**Task directions**:
Report the lines of the material that carry the string "Benz".

**Data supplied**:
::::::::

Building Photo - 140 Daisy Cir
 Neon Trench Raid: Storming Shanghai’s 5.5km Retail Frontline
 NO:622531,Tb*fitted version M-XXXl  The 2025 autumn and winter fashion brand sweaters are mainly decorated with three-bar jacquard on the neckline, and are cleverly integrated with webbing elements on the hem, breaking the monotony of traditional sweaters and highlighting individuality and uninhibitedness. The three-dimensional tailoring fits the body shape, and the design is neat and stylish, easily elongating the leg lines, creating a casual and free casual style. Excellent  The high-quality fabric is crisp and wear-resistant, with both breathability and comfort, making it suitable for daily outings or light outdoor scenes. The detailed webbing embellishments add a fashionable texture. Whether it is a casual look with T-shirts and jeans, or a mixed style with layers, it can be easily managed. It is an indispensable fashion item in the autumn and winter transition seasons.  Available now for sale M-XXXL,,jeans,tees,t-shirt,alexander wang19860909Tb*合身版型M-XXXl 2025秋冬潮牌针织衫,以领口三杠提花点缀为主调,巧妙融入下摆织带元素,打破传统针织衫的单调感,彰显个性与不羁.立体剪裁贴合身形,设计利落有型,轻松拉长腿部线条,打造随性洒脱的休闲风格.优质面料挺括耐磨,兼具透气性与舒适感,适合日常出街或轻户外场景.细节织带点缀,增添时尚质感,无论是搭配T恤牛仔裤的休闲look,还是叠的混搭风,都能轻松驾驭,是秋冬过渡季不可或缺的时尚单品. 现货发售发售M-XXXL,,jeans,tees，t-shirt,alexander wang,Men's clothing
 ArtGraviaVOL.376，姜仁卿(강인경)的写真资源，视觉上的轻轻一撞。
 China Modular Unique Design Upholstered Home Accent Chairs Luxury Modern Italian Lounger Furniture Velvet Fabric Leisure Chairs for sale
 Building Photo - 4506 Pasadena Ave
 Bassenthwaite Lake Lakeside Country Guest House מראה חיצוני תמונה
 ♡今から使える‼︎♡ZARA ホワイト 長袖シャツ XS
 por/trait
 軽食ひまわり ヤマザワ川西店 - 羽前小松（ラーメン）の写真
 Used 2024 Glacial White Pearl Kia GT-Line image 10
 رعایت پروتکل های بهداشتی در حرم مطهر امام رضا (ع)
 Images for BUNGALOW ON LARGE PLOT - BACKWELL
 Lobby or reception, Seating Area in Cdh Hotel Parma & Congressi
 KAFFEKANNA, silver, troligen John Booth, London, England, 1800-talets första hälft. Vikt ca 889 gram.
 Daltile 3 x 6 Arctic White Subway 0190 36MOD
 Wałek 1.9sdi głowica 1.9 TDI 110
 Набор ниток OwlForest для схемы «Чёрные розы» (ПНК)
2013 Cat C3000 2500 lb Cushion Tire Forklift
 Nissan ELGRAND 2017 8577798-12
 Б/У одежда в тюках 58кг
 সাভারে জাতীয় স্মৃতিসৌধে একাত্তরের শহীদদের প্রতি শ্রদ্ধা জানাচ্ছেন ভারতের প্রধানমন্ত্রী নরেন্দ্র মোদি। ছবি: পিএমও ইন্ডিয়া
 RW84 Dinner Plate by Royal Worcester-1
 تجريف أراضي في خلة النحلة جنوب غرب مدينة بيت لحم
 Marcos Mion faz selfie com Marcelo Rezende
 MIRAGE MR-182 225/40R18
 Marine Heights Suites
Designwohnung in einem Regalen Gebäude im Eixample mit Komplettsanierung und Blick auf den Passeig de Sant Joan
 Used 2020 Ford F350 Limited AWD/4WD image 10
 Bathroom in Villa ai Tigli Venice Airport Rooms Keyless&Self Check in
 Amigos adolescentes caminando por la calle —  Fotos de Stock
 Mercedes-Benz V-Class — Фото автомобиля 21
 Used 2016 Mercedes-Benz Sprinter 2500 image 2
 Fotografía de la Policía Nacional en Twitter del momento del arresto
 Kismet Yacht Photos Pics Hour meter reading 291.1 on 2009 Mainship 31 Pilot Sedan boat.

::::::::

**Exercise solution**:
 Mercedes-Benz V-Class — Фото автомобиля 21
 Used 2016 Mercedes-Benz Sprinter 2500 image 2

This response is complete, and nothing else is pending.